- TASK
Every line of the material below in which "home" shows up is to be located and copied.

====

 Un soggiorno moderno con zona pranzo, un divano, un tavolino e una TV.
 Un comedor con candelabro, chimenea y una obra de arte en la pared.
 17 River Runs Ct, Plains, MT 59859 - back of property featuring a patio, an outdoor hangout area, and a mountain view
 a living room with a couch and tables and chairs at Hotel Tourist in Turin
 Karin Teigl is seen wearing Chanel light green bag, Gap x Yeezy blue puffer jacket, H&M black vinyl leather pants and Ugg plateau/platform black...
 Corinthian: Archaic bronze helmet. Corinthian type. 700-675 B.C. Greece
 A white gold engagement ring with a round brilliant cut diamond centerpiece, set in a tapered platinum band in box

====

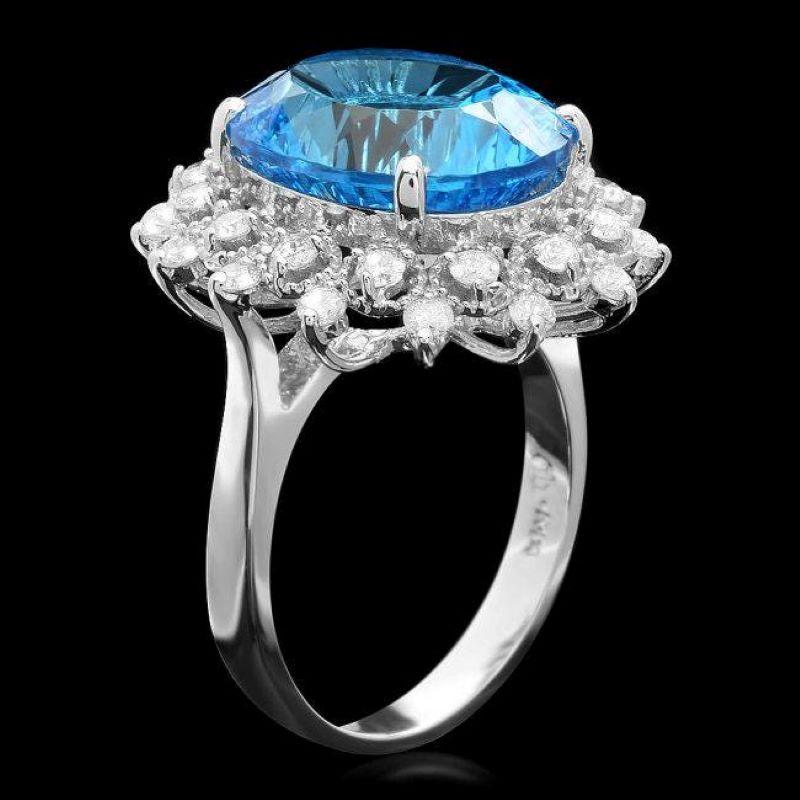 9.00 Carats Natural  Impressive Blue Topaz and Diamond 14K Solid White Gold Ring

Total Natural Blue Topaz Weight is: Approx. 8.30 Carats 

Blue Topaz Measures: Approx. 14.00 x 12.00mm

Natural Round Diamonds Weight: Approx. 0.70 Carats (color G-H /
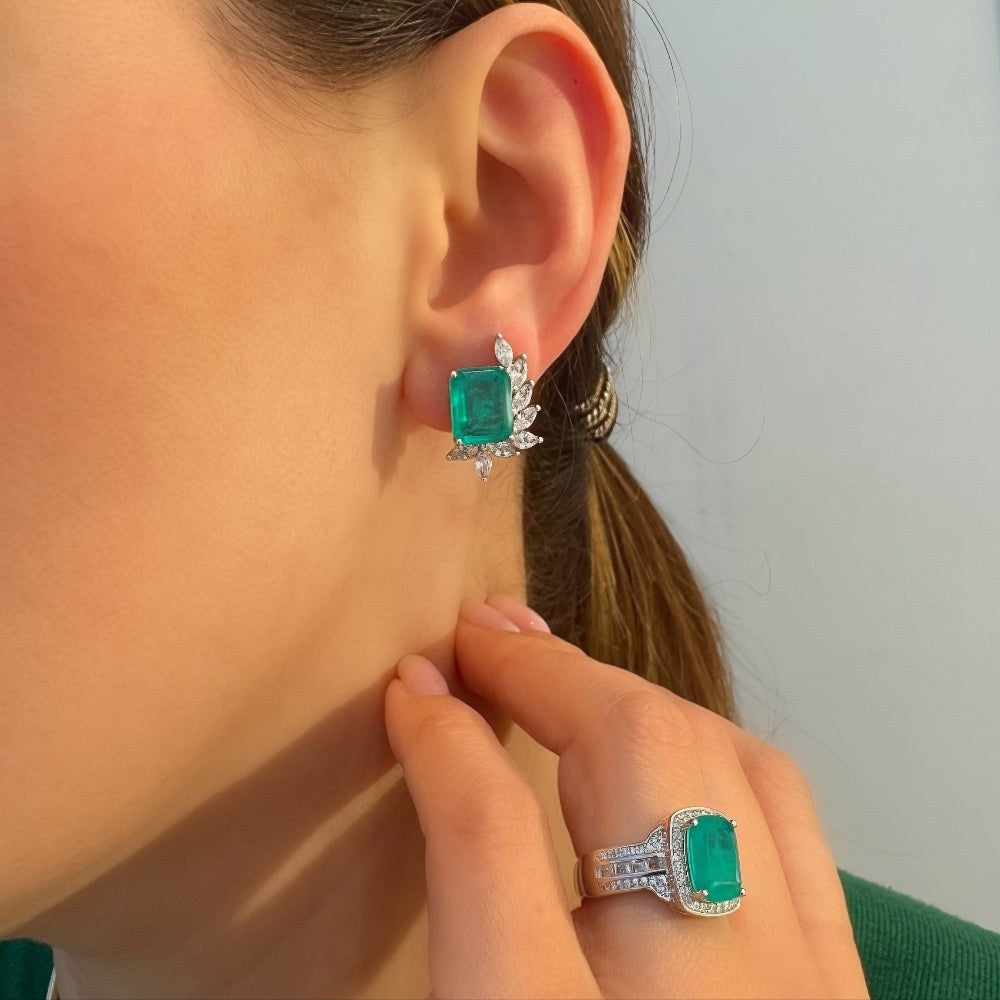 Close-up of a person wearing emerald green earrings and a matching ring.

====

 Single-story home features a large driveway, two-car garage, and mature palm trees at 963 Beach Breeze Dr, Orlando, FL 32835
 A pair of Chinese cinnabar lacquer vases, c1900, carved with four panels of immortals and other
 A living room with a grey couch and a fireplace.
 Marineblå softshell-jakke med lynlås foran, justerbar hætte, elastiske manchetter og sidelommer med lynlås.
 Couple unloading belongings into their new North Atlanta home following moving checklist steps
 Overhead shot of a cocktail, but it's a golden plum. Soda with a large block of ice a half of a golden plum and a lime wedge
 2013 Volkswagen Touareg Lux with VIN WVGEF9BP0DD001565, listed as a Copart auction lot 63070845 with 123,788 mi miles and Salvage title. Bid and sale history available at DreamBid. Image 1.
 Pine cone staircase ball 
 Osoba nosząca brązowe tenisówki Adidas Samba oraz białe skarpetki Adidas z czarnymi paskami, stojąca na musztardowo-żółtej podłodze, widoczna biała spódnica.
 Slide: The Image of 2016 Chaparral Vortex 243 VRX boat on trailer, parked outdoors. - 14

====

- TASK OUTPUT
 Single-story home features a large driveway, two-car garage, and mature palm trees at 963 Beach Breeze Dr, Orlando, FL 32835
 Couple unloading belongings into their new North Atlanta home following moving checklist steps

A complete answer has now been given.